Citroëns designer Donato Coco tekende een compacte, minimalistische kleine wagen, waarin iedereen de 2 pk van de toekomst wil herkennen.

De Citroën 2 pk, waarvan het eerste model in 1948 op het Parijse autosalon aan het publiek werd voorgesteld, is altijd méér dan een auto geweest. De wagen stond voor een levensstijl. Wie ermee reed, was eeuwig met vakantie en gooide bij de eerste zonnestralen het linnen dak open. De minimalistische kleine bleef in productie tot in 1990 en werd op meer dan vijf miljoen exemplaren gebouwd. Sindsdien wachten miljoenen fans over de hele wereld op een herrijzenis.
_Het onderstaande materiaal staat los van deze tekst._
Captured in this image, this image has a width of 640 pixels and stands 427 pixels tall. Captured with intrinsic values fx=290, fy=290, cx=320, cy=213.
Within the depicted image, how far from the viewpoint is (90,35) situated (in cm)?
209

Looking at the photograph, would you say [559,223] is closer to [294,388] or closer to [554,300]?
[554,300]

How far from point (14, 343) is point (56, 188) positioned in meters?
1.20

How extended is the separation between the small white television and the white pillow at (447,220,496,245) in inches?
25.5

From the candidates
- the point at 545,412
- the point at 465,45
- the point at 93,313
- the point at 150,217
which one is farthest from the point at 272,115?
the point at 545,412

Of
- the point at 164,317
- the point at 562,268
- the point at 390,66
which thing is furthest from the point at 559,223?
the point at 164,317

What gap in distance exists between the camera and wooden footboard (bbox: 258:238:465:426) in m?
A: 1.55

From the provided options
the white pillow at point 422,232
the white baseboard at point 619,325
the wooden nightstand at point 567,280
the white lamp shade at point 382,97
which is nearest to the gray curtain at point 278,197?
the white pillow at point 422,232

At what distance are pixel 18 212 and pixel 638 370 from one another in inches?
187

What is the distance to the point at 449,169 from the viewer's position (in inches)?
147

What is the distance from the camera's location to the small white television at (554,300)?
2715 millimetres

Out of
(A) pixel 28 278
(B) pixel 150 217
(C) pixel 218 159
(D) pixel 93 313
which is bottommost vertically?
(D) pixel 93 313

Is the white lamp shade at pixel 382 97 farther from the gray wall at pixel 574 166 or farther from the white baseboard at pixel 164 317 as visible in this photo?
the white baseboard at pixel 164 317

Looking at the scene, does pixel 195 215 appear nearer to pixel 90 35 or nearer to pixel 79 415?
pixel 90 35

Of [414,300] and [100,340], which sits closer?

Bij Citroën zijn ze zich daar zeer van bewust, op elk salon worden de verantwoordelijken aan hun mouw getrokken met die eeuwige vraag: wanneer komt de nieuwe 2 pk eraan?
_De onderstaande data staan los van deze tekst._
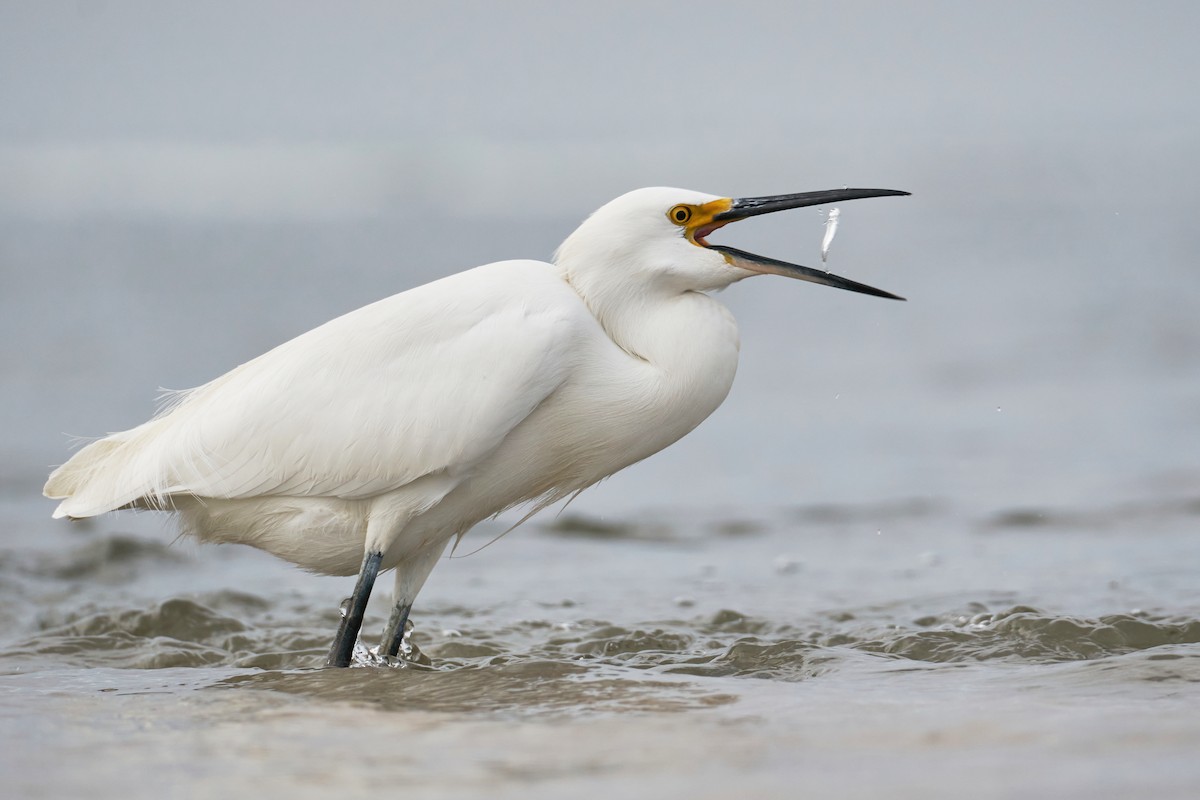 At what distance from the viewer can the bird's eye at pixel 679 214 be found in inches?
194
In oktober stond dan ineens de C3 onder de schijnwerpers op het salon van Parijs, een concept car met een bolvormig profiel en met vele snufjes binnenin. En met een zeer omvormbaar interieur waarin de stoelen op rails werden gemonteerd zodat ze kunnen verschoven worden, zowel naar voor en achter als opzij. Wie dichterbij kwam, merkte dat die stoelen ook nog over een merkwaardig zwenkmechanisme beschikten waardoor ze over 90 graden kunnen gekanteld worden, en in geen tijd tot een ‘salonopstelling’ worden omgetoverd.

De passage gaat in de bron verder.